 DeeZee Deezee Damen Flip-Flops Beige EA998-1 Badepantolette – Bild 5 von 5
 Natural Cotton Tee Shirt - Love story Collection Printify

○ ○ ○

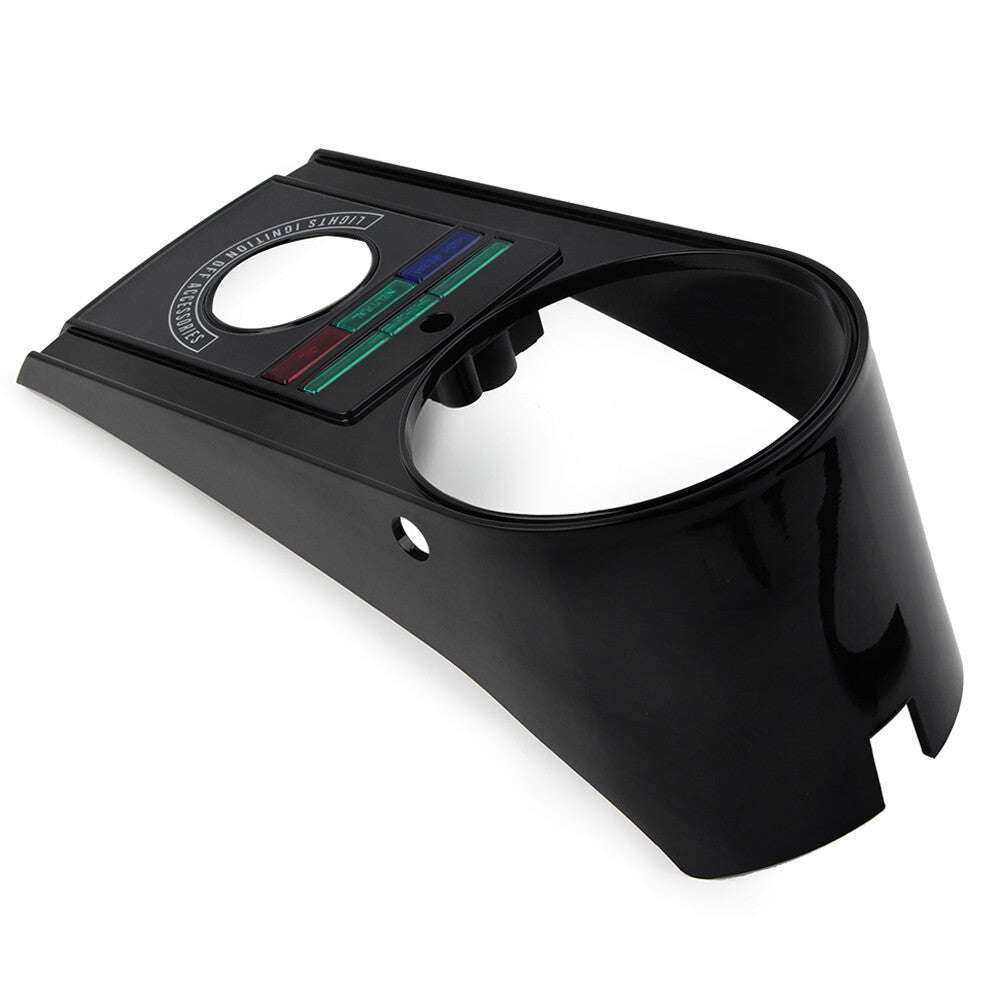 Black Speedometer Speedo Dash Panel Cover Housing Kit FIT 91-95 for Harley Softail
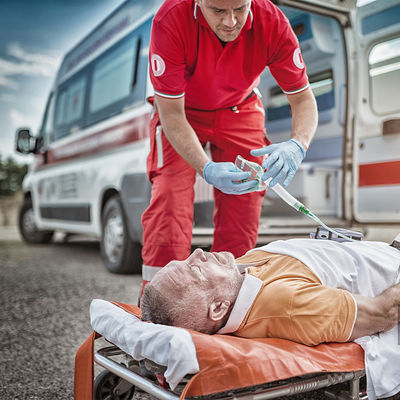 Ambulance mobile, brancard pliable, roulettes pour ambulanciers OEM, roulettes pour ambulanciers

○ ○ ○

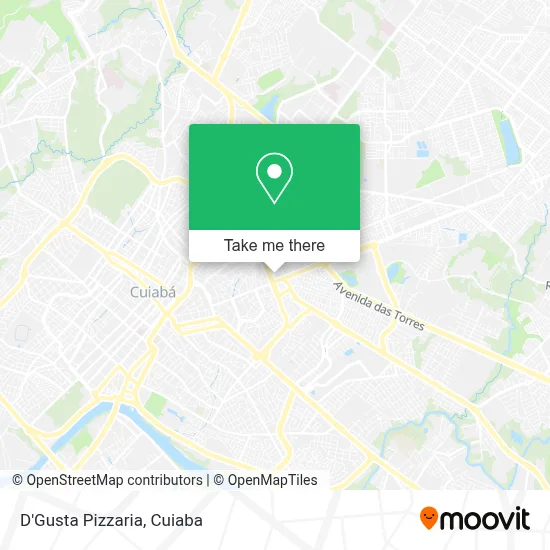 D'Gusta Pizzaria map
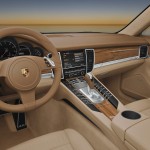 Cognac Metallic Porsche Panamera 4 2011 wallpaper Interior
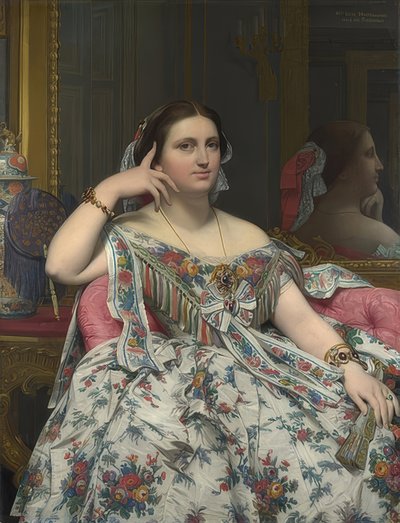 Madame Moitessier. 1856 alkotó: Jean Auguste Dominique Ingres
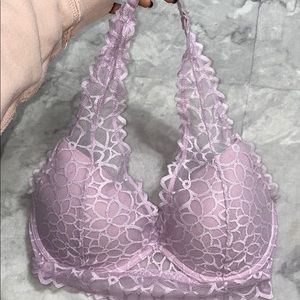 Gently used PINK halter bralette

○ ○ ○

Your objective
Please make an exact copy of the lines above from the line with "DeeZee Deezee Damen" through the line with "Natural Cotton Tee", both ends included.

Completed task
 DeeZee Deezee Damen Flip-Flops Beige EA998-1 Badepantolette – Bild 5 von 5
 Natural Cotton Tee Shirt - Love story Collection Printify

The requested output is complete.